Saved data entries
=== Section Start ===

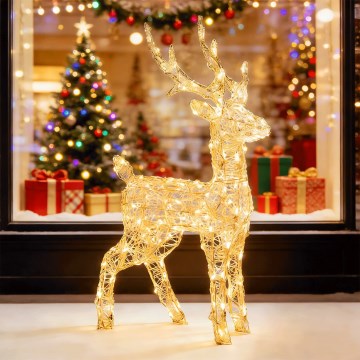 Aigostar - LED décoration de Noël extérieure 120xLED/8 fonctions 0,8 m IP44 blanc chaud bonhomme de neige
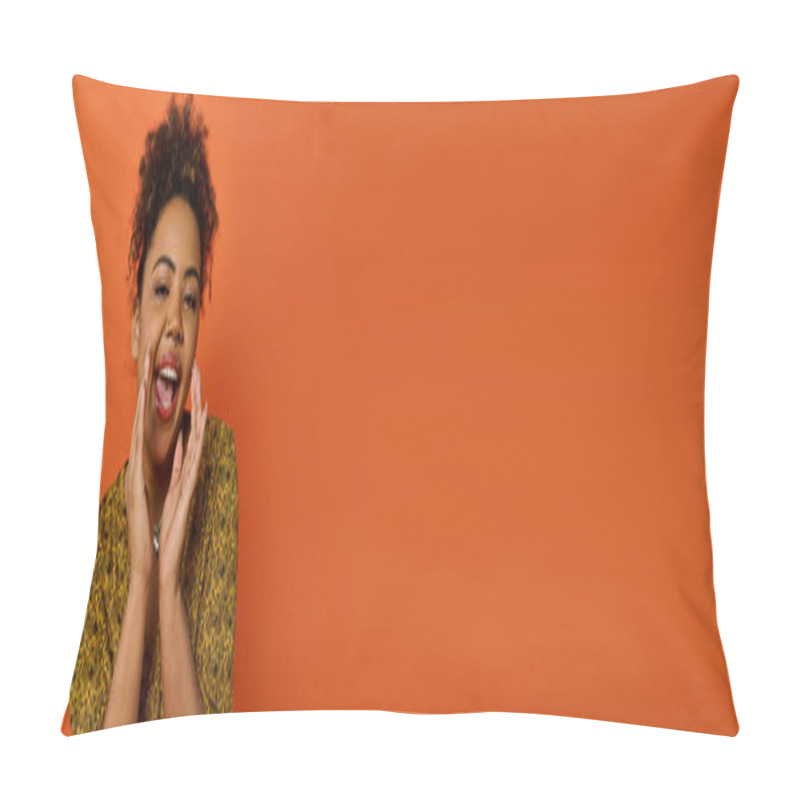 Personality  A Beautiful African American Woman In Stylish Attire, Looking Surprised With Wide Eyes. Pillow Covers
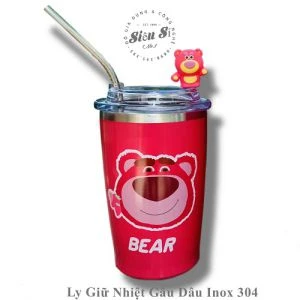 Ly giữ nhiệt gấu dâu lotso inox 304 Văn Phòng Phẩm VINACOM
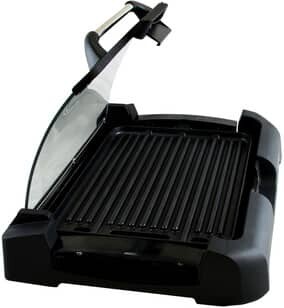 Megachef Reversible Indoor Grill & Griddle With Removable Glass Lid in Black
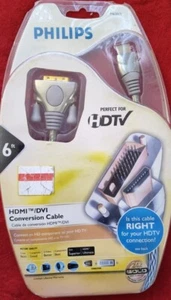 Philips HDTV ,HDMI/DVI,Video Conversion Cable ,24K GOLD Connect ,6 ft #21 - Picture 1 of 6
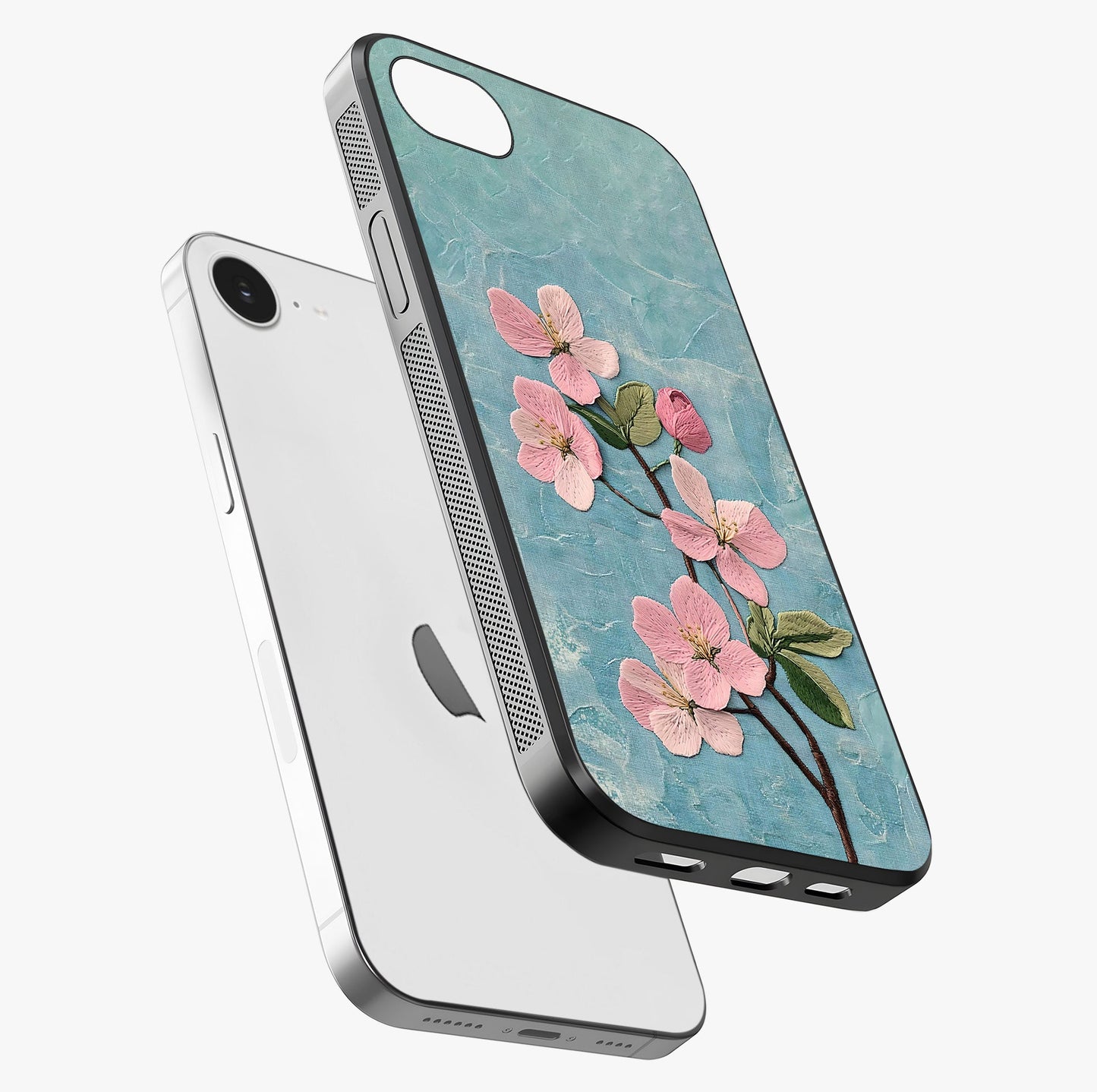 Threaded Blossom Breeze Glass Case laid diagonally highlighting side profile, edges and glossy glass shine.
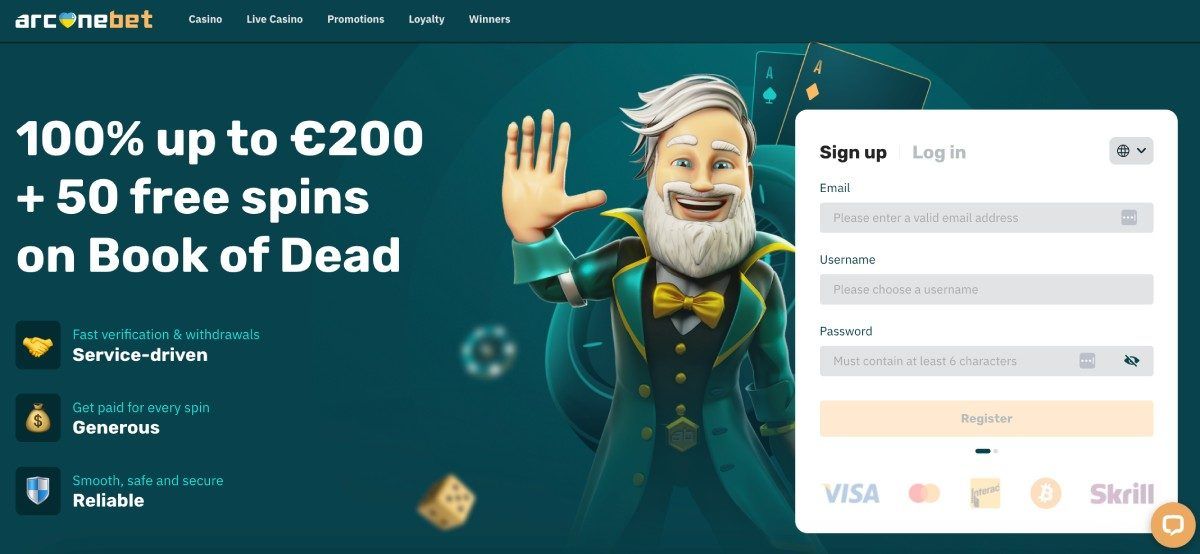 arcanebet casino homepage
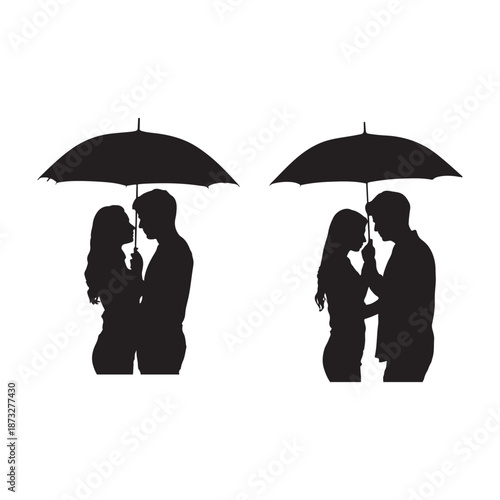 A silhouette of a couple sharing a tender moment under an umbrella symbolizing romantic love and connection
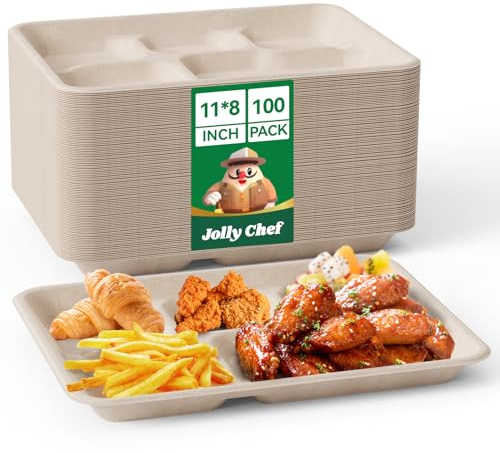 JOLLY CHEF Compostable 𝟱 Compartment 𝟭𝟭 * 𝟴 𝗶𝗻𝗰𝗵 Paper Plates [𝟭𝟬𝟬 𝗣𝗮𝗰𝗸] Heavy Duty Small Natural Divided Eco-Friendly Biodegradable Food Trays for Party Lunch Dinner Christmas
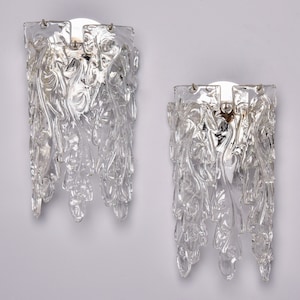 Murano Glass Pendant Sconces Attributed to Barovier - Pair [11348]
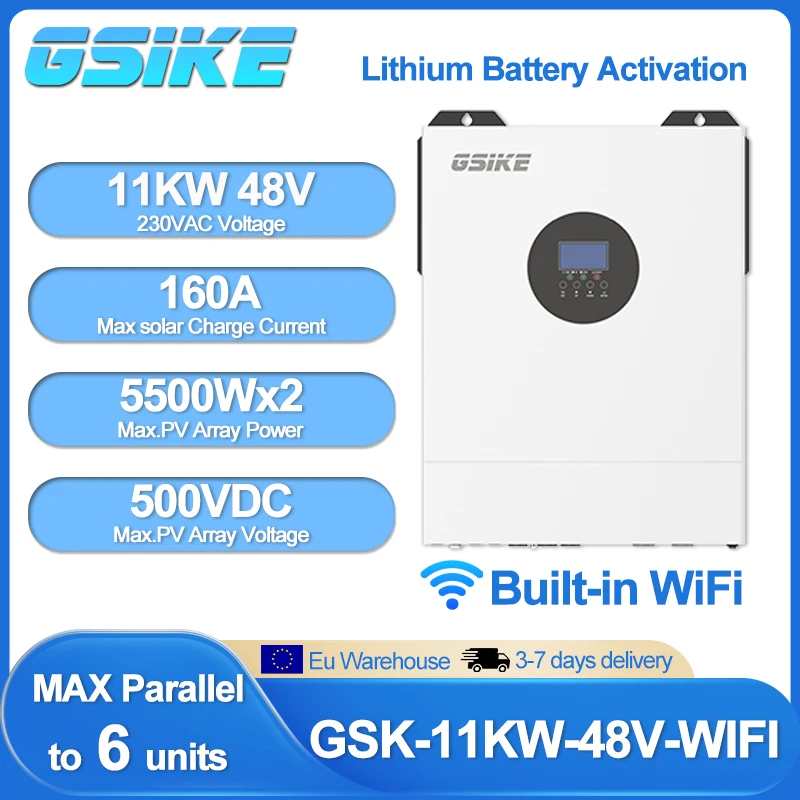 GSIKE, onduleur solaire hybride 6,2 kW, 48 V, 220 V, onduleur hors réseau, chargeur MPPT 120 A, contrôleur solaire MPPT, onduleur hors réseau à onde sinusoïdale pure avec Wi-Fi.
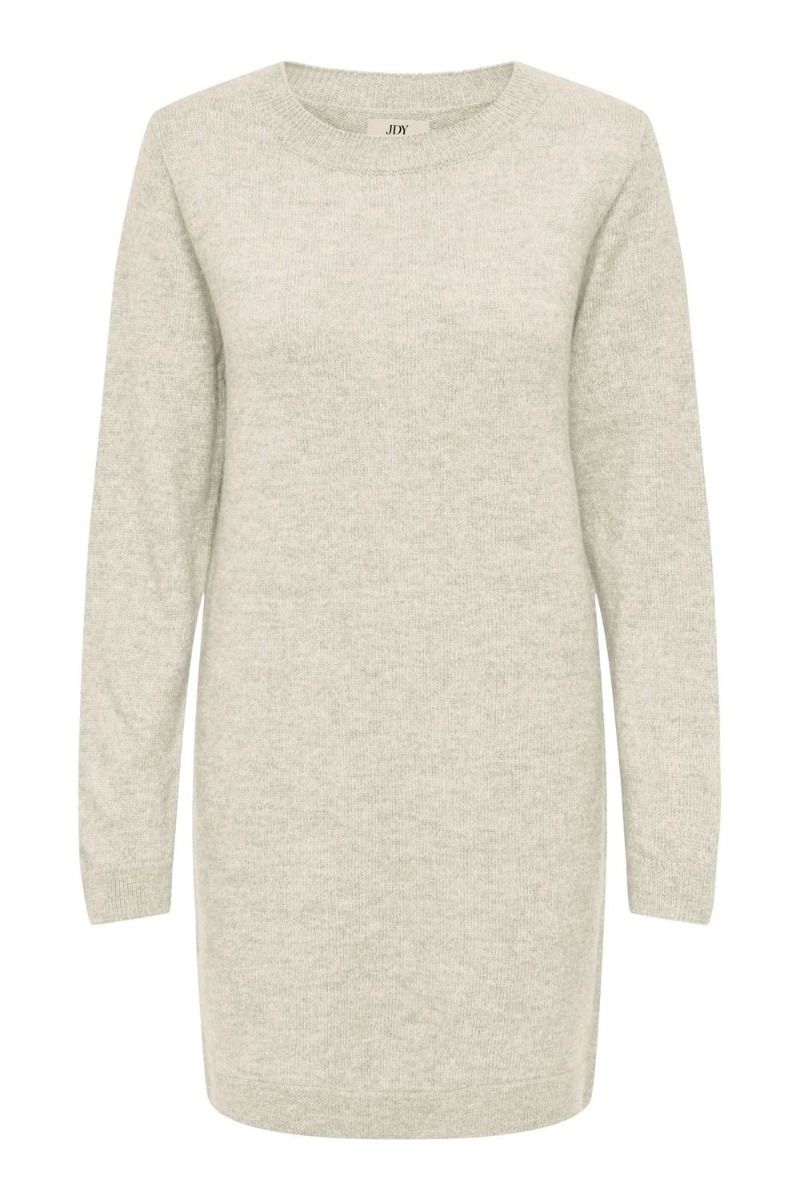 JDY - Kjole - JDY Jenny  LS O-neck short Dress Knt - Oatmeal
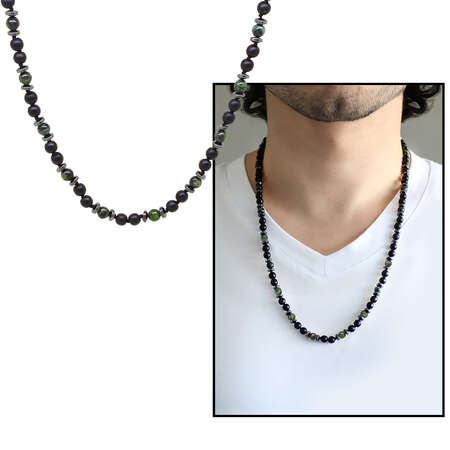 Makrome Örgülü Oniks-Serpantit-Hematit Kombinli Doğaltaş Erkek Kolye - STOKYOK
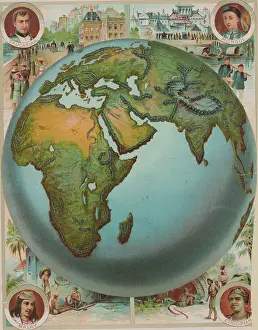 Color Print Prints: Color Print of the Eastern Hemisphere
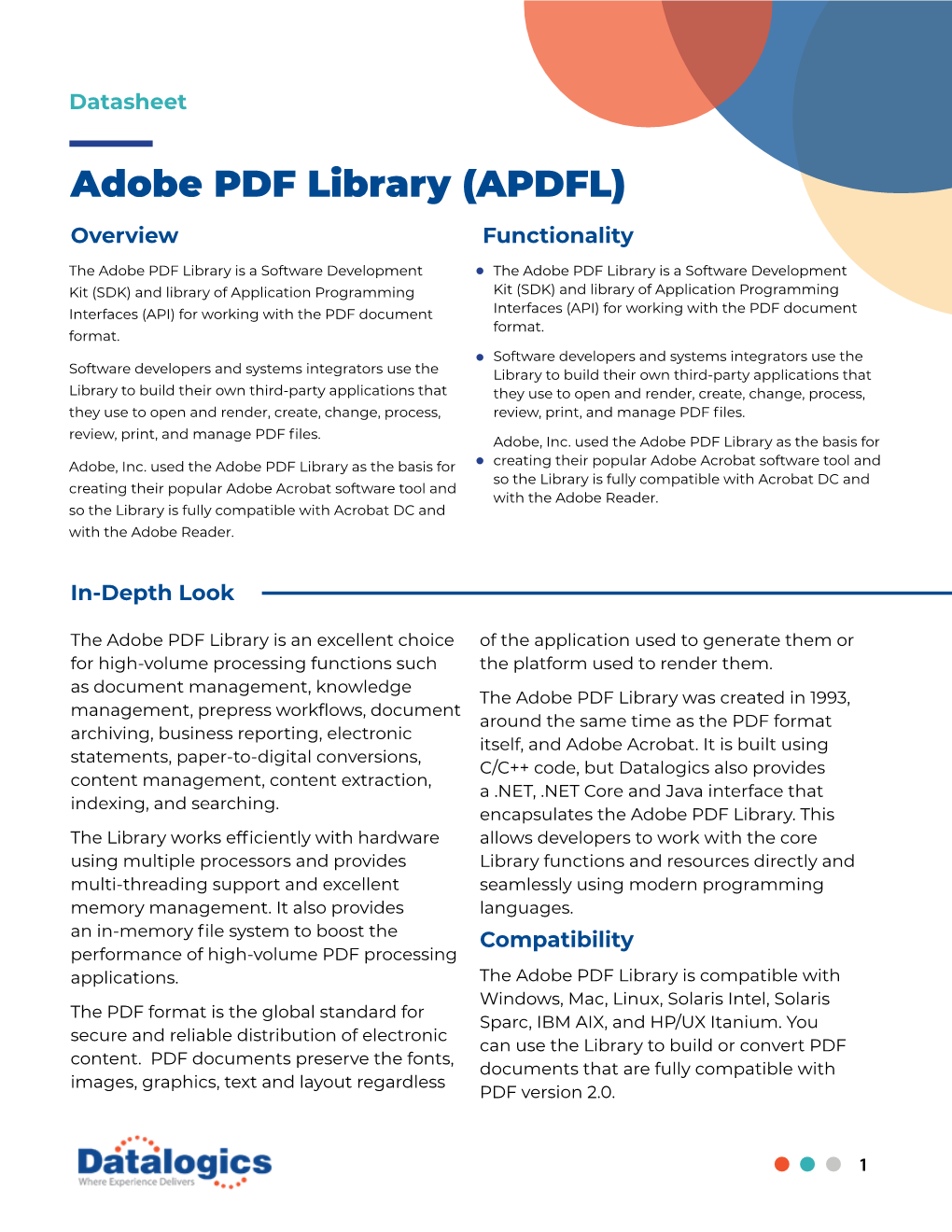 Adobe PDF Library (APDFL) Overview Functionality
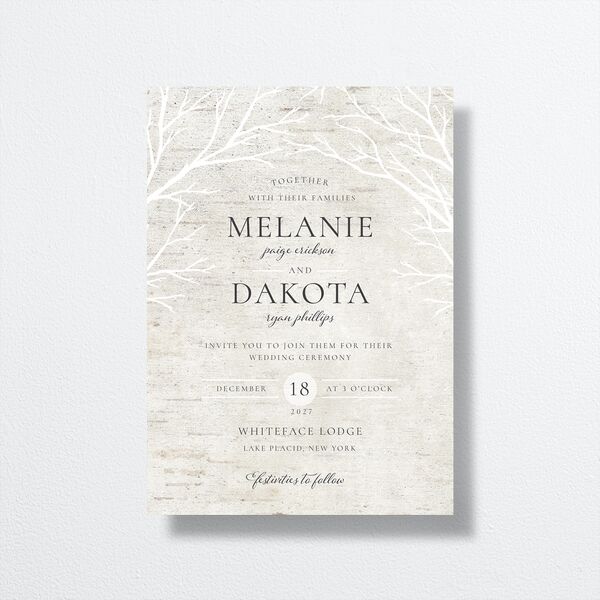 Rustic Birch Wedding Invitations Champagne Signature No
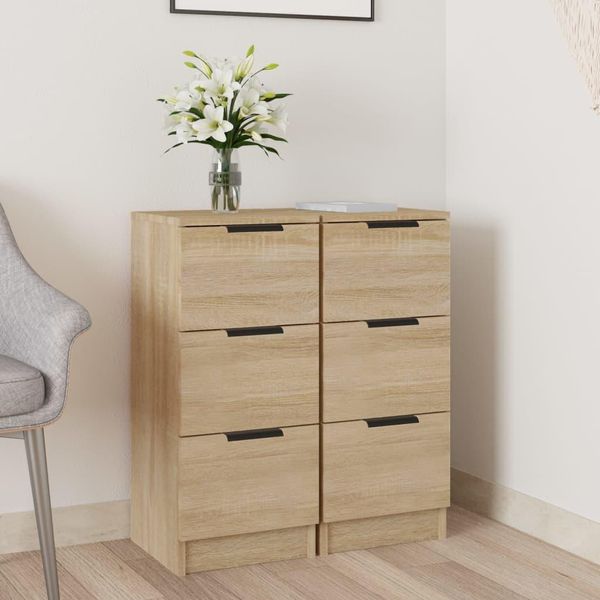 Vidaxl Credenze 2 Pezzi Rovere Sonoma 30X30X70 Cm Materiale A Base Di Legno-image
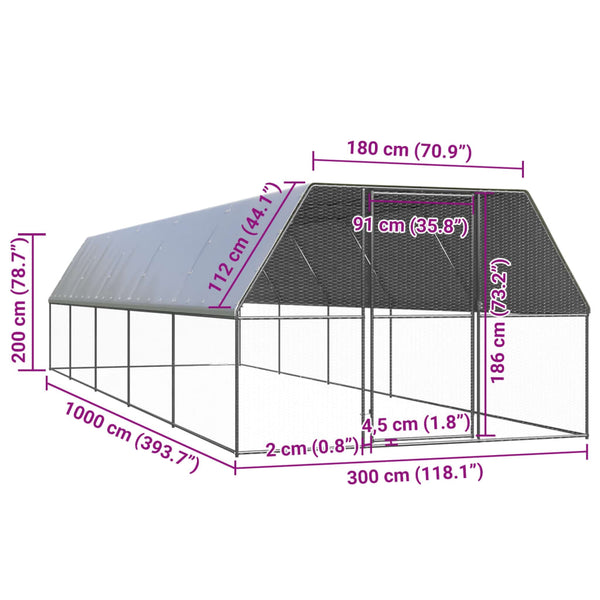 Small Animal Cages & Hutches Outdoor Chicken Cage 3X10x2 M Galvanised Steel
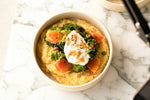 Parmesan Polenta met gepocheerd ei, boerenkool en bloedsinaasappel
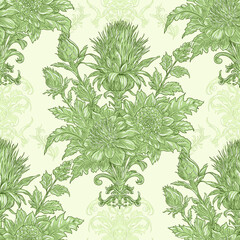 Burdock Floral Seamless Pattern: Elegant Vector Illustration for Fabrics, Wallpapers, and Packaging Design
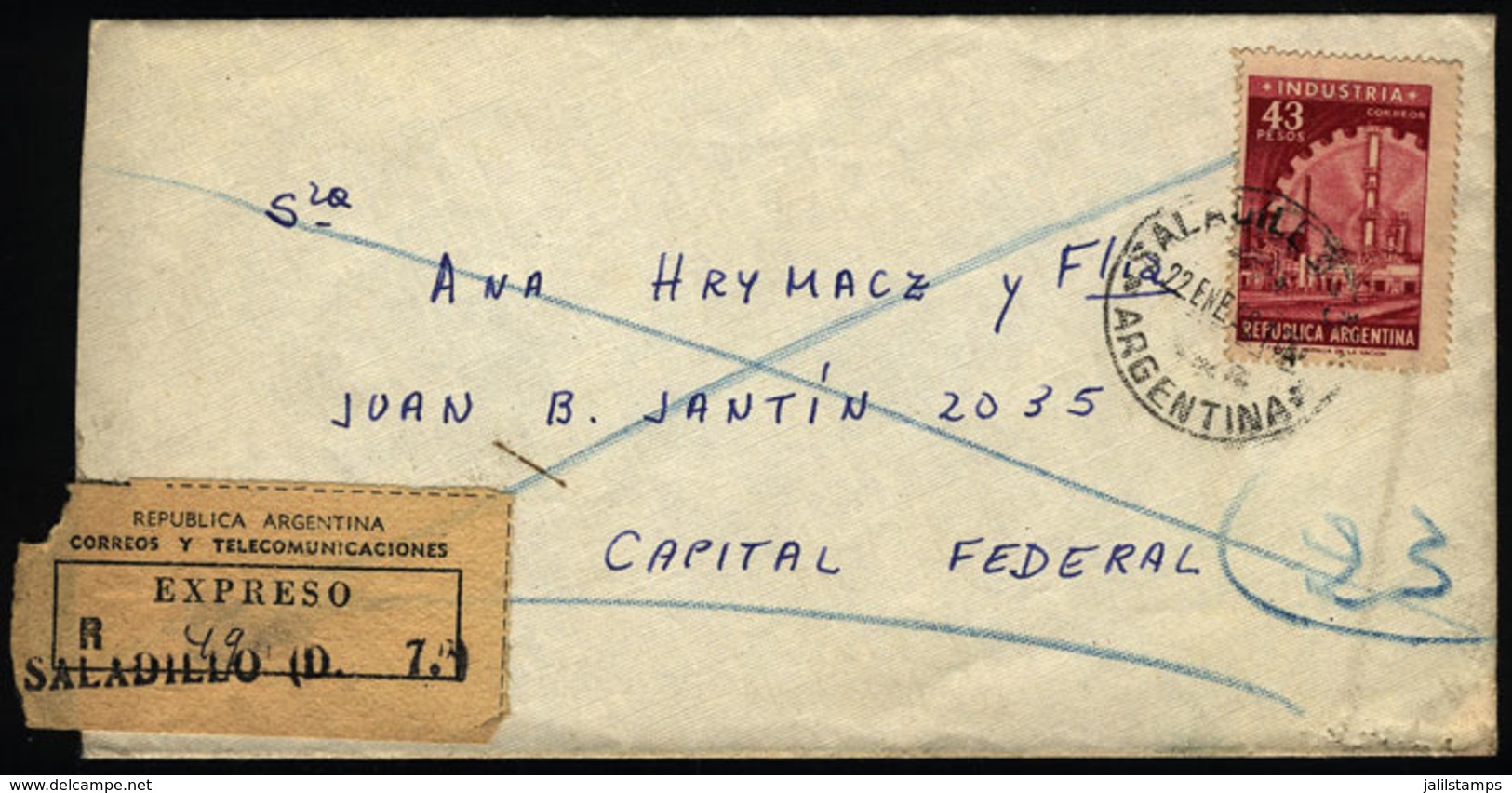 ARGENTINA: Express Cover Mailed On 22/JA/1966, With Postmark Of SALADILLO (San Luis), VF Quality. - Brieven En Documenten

=== Section End ===

* Instructions for the task:
In the records above, find the line with "Megachef Reversible Indoor" and the line with "Murano Glass Pendant". Write out exactly those lines and every one between, with no pictures and no other lines.

* Answer for the task:
 Megachef Reversible Indoor Grill & Griddle With Removable Glass Lid in Black
 Philips HDTV ,HDMI/DVI,Video Conversion Cable ,24K GOLD Connect ,6 ft #21 - Picture 1 of 6
 Threaded Blossom Breeze Glass Case laid diagonally highlighting side profile, edges and glossy glass shine.
 arcanebet casino homepage
 A silhouette of a couple sharing a tender moment under an umbrella symbolizing romantic love and connection
 JOLLY CHEF Compostable 𝟱 Compartment 𝟭𝟭 * 𝟴 𝗶𝗻𝗰𝗵 Paper Plates [𝟭𝟬𝟬 𝗣𝗮𝗰𝗸] Heavy Duty Small Natural Divided Eco-Friendly Biodegradable Food Trays for Party Lunch Dinner Christmas
 Murano Glass Pendant Sconces Attributed to Barovier - Pair [11348]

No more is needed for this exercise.